**ABOUT THIS EXERCISE:** Both the line containing "lakme-fashion-week-summer-day-2-24" and the line containing "Volvo V60 Cross" belong to the span. Output exactly that span from the listing below, and nothing outside it.

**MATERIAL FOR THIS EXERCISE:**
- - - - -

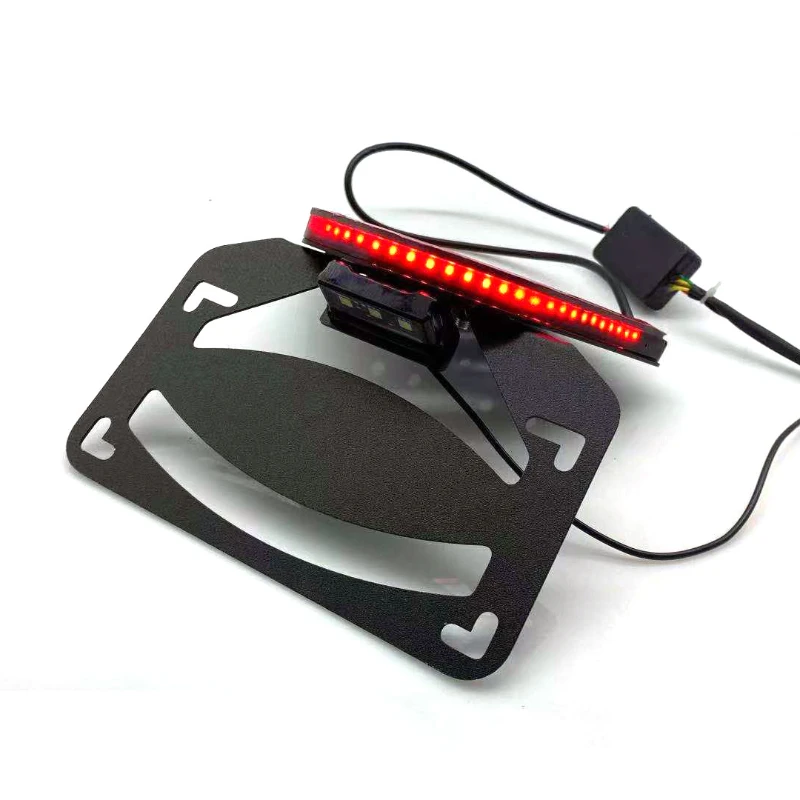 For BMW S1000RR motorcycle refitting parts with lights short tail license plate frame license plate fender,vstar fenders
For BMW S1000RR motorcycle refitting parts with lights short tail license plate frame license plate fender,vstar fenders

- - - - -

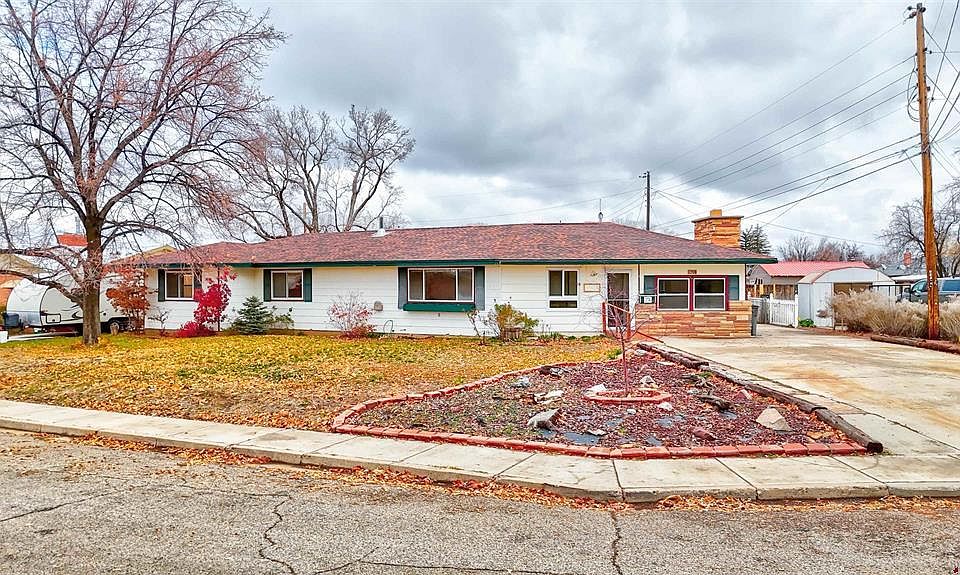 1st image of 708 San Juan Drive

- - - - -

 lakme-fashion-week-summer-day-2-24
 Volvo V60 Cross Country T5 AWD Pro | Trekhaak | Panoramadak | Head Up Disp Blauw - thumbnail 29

- - - - -

**ANSWER SECTION:**
 lakme-fashion-week-summer-day-2-24
 Volvo V60 Cross Country T5 AWD Pro | Trekhaak | Panoramadak | Head Up Disp Blauw - thumbnail 29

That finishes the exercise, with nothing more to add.